JDM: The killer’s essential nature was there from the start and that remained unchanged. We even had some pretty substantial back story on this guy that doesn’t appear in the book, but which helped us immensely in the writing. Here’s one big thing that did change, though: in the original idea, we were going to follow the killer all the way through. You knew his identity from the word go. The moment we started actively developing the story we knew we had to throw a tarp over him and keep his identity veiled till the end.
BTW: Again, this is where John’s maturity as a creative writer really helped. Keeping the identity hidden until the end just added to the intensity. Even re-reading this several times, even knowing the denouement, I still could feel the tension and uncertainty as several of the suspects are very compelling.
The lead character?
JDM: In the original story idea Scott was the lead character. There was no Finn. Finn was the missing element, the X factor that gave the story dimension and made it come to life on the page.

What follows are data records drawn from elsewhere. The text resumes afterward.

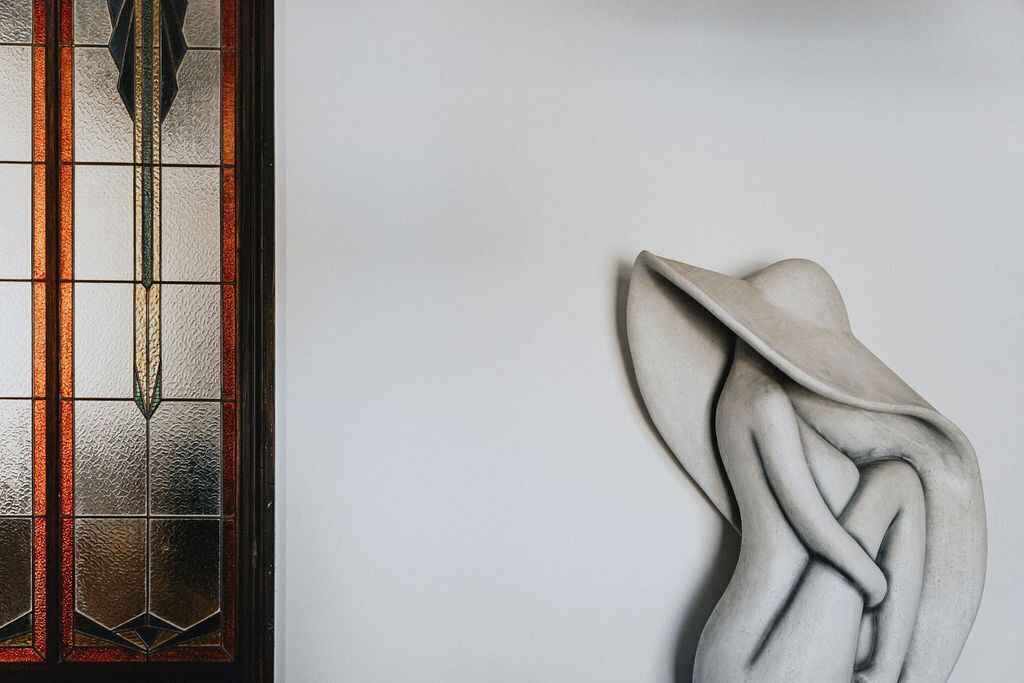 Photo of Others in Daylesford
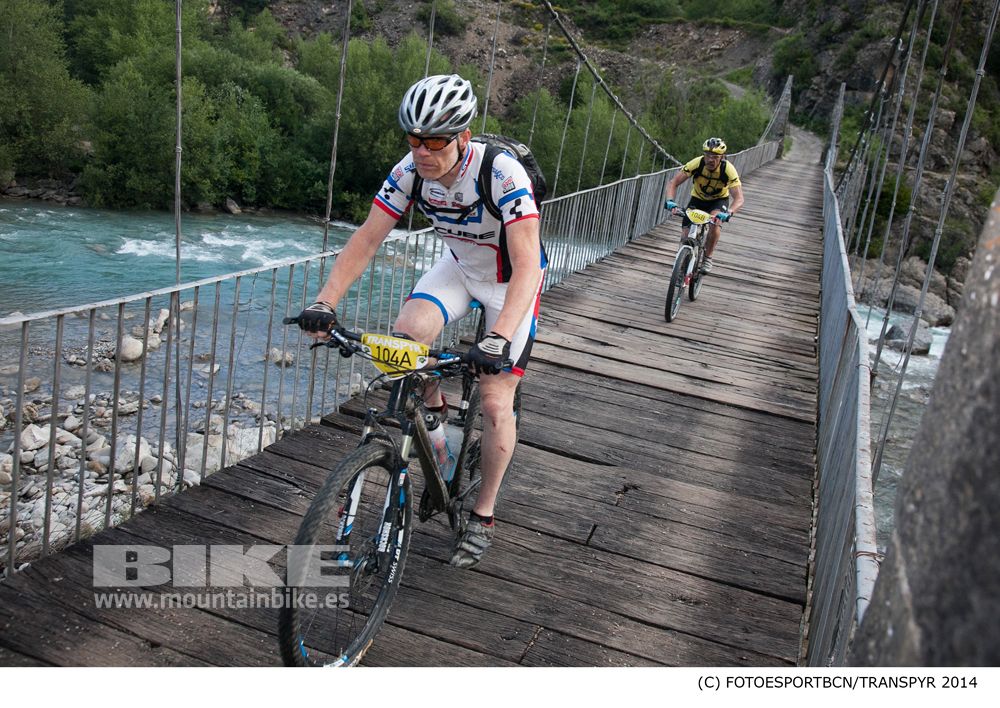 Transpyr 2014
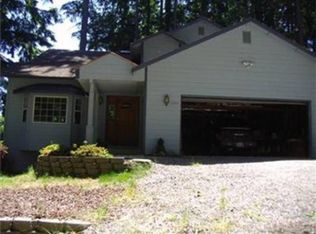 6544 Illahee Rd NE, Bremerton, WA 98311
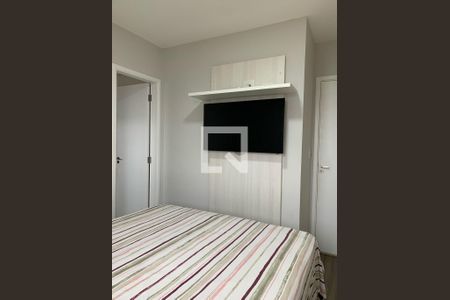Quarto 1 de apartamento à venda com 2 quartos, 57m² em Vila Renata, Guarulhos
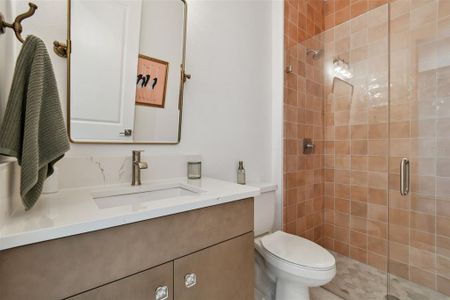 New construction Single-Family house 5293 Everlong Dr, Apollo Beach, FL 33572 - image 14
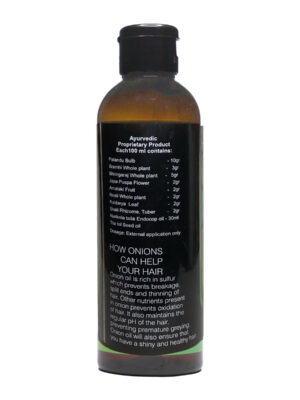 Nalan-organic-back-onion-hair-growth-thail-oil-200ml-1000px-nalanlife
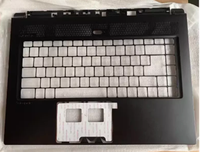 Coque arrière d'origine pour ordinateur portable MS-16Q4, modèle A-Shell 3076Q5D412H pour MS-16Q1 16Q2 16Q3 16Q4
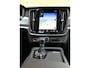 Volvo V90 T4 AUT Momentum 12MND garantie / Trekhaak / BLIS / Pilo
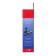 HEPA filter Topperr FBS2 for Bosch and Siemens vacuum cleaners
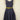 Review Elegant Sweetheart Neckine Midi  Dress Size 8 by SwapUp-Online Second Hand Store-Online Thrift Store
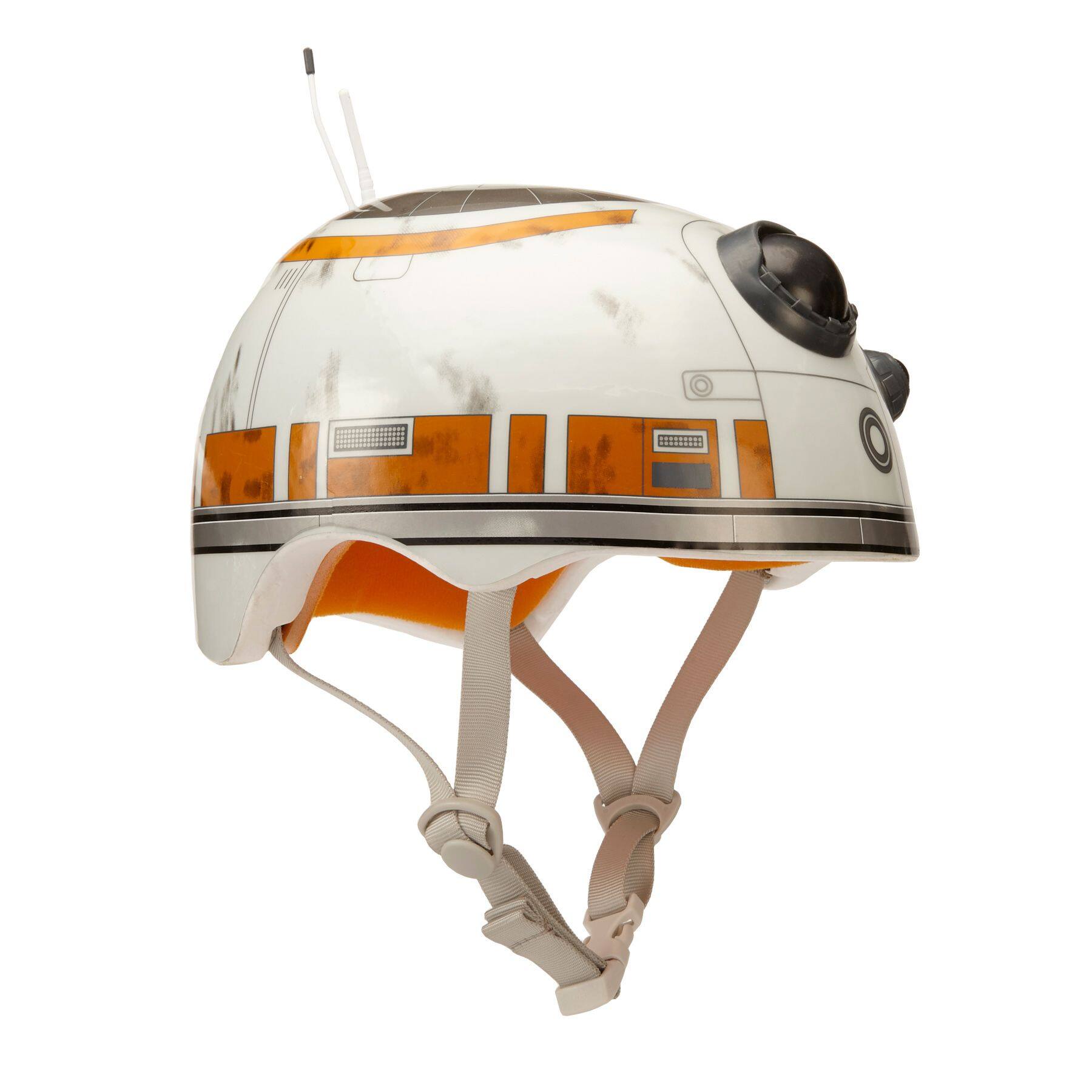 Bb8 discount bike helmet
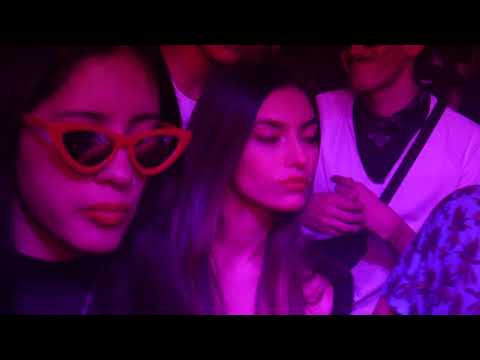 RAREST - Quivver, Bastian Mark, Santiago Hueda 3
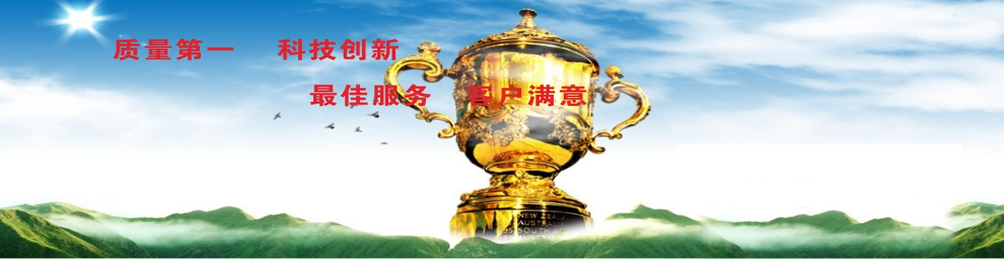 高壓超高壓系列 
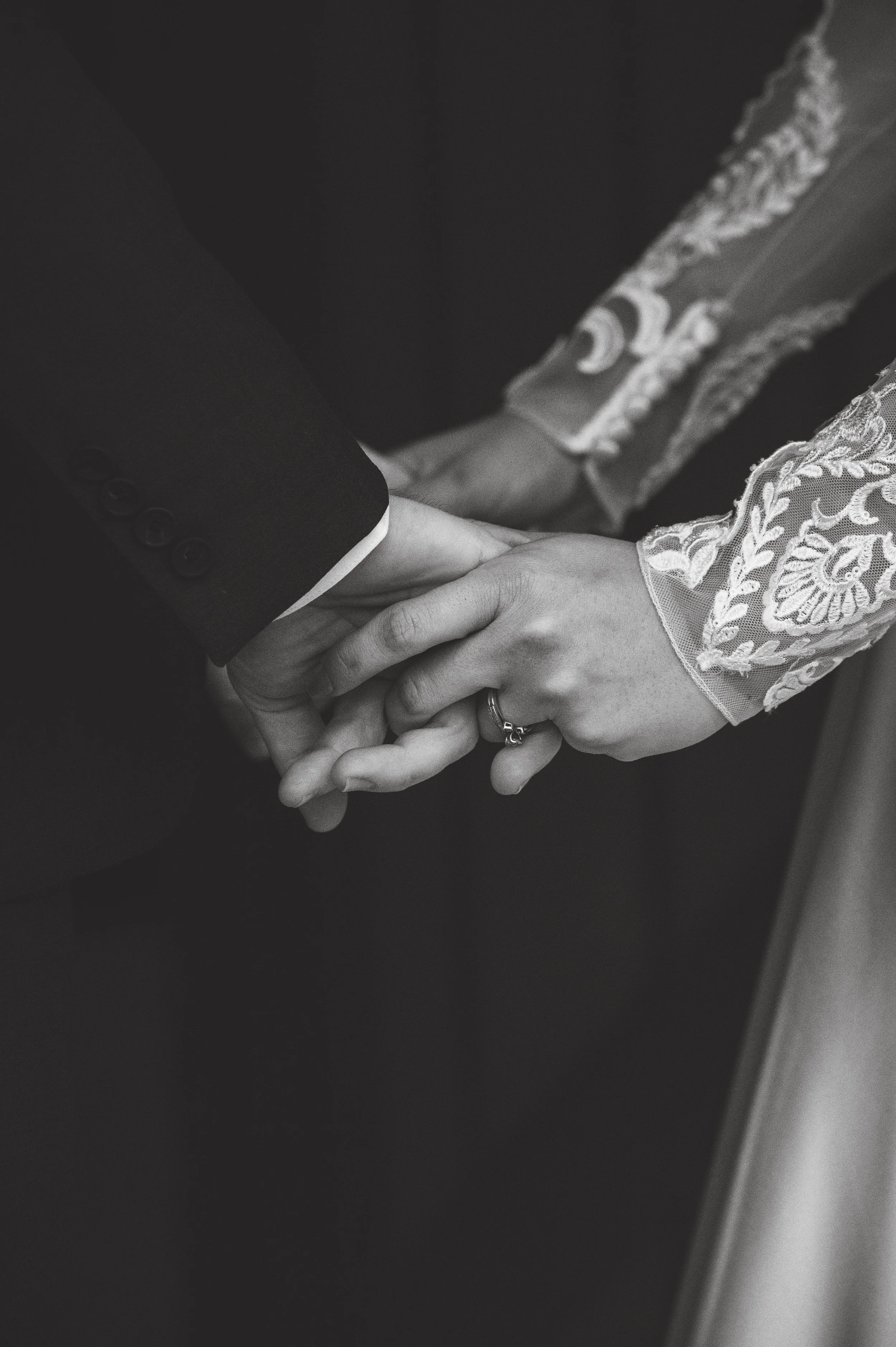 DSC_3567 WEBSITE.jpg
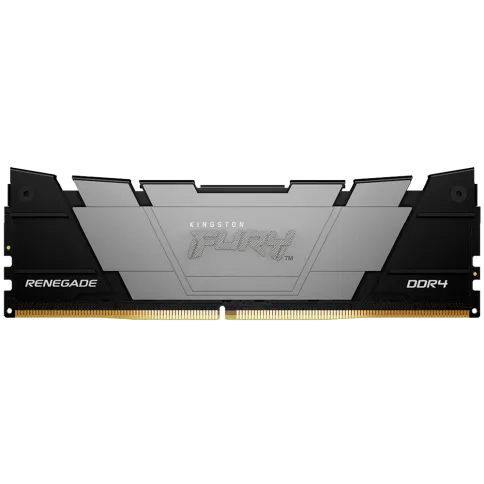 Kingston KF440C19RB2/8 фото 1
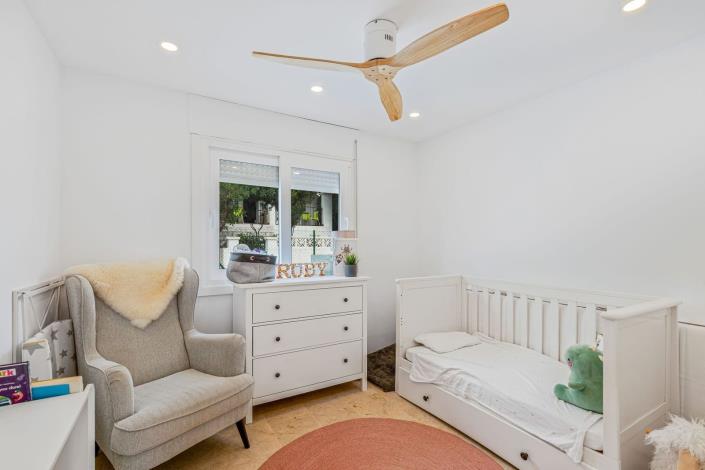 Image No.36-3 Bed Townhouse for sale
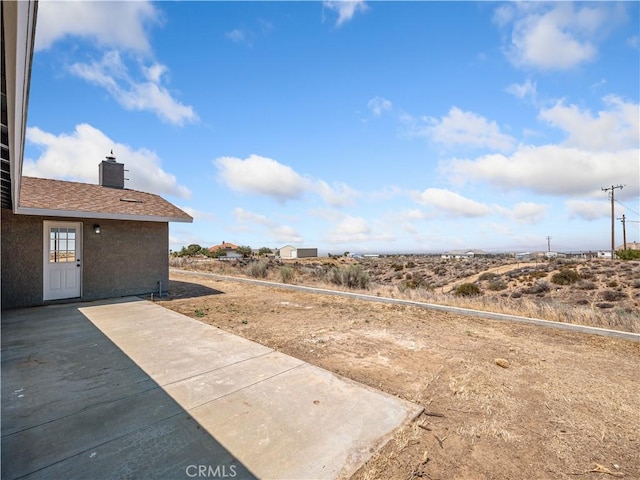 5620 Ailanthus St, Phelan, CA 92371 - photo 26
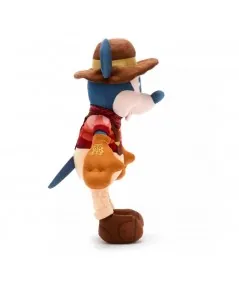 Peluche Topolino The Main Attraction 9/12 Disney Store Disney Store - 8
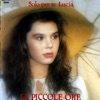 Solo Per Te Lucia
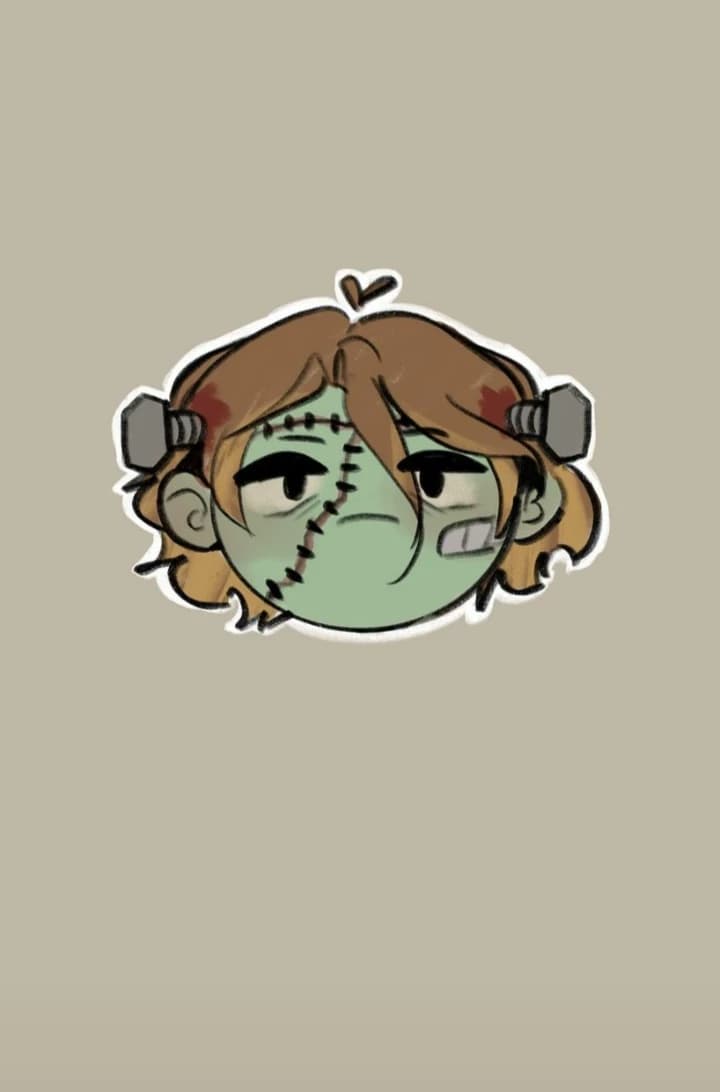 Yura Isakovsky thumbnail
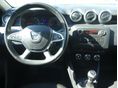 DACIA DUSTER 2018/11 - 8
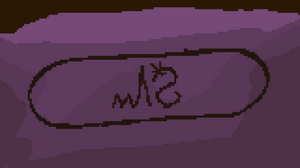 Symbols 2.png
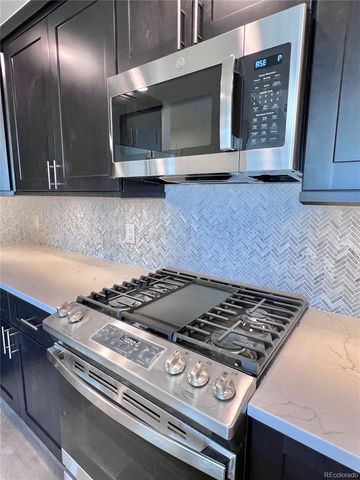 1304 Snowberry 202, Louisville, CO 80027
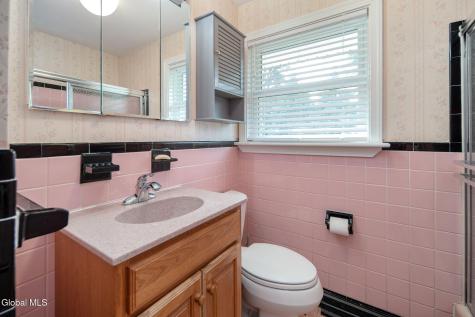 114 Orlando Avenue Albany NY 12203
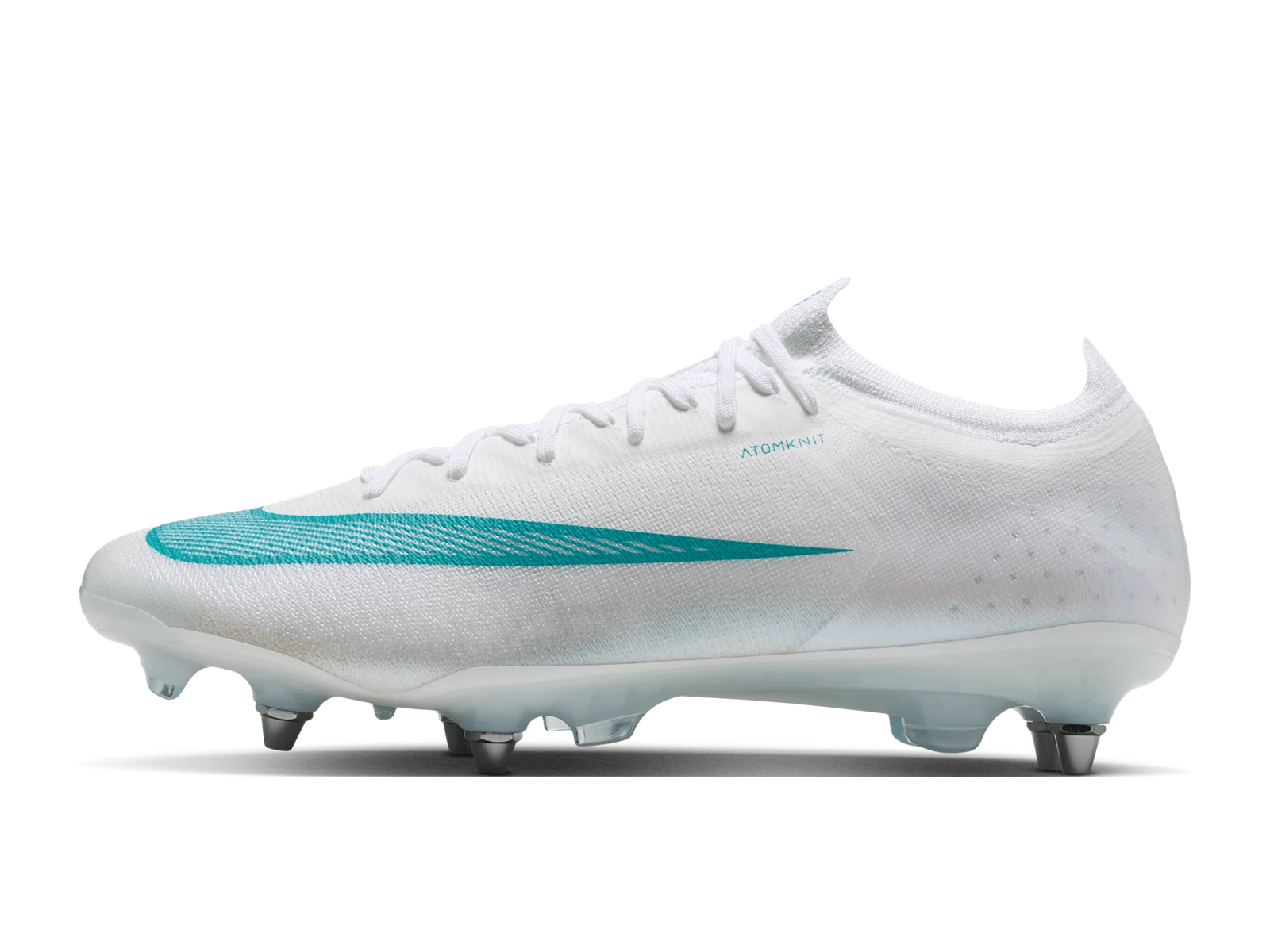 Nike Mercurial Vapor 17 Elite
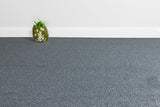 Juliet Soft Twist Carpet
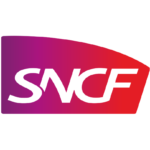 Logo_SNCF-1024x809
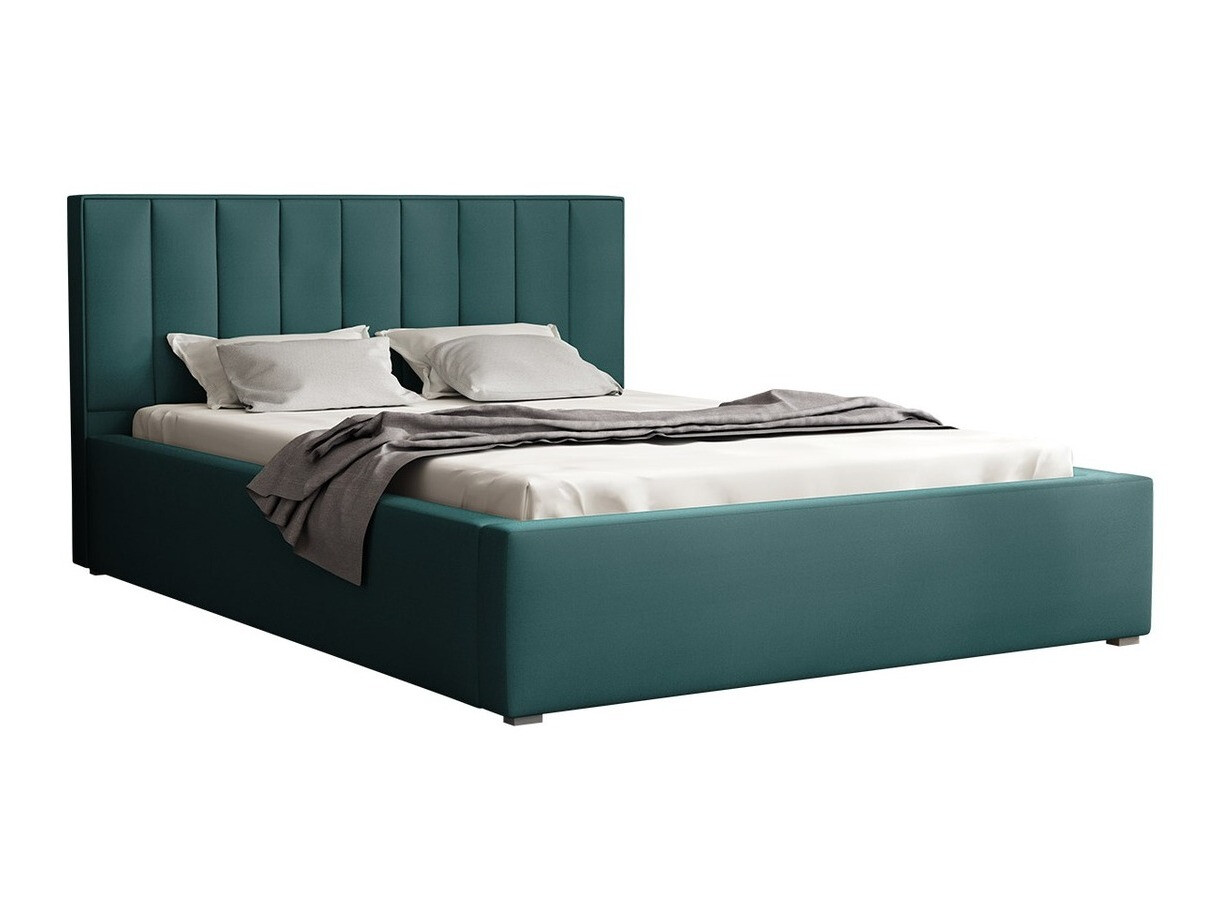 Voodi Pomona 111 (Victoria 14 863)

BTW: I agree with John. Spending time on creating strong characters, lead and supporting, is what brings them to life, and the difference between good and great storytelling. Finn is fantastic because he’s flawed, has holes in his background that create interest, and at the same time everyone can relate to him and what he’s dealing with internally.
Where did the character of Finn come from?
JDM: At first from this simple concept: whatever the popular Hollywood concept of a SEAL might be, we wanted the opposite.
Honestly, there’s a bunch of Brandon there in the mix. I’ve known Brandon for twelve years and know a hell of a lot about his life. (Writing six books together will do that.) I started with some elements from him and blended them with a massive dose of trauma and childhood conflict from another military guy whom I knew second-hand. (Turned out, Brandon knew him, too.) So he’s a composite of real-life attributes wrapped around an anti-concept.
BTW: Nothing more to add!
What made you decide not to give him a last name?
JDM: That decision practically made itself. The name “Finn” is part American orphan-adventure-hero (think Huck Finn) and part lethal danger (think shark fin in the water). And no last name? It’s part of the mystery of his origin. What happened in his childhood? Just who is this guy? It doesn’t seem like even he knows all the answers.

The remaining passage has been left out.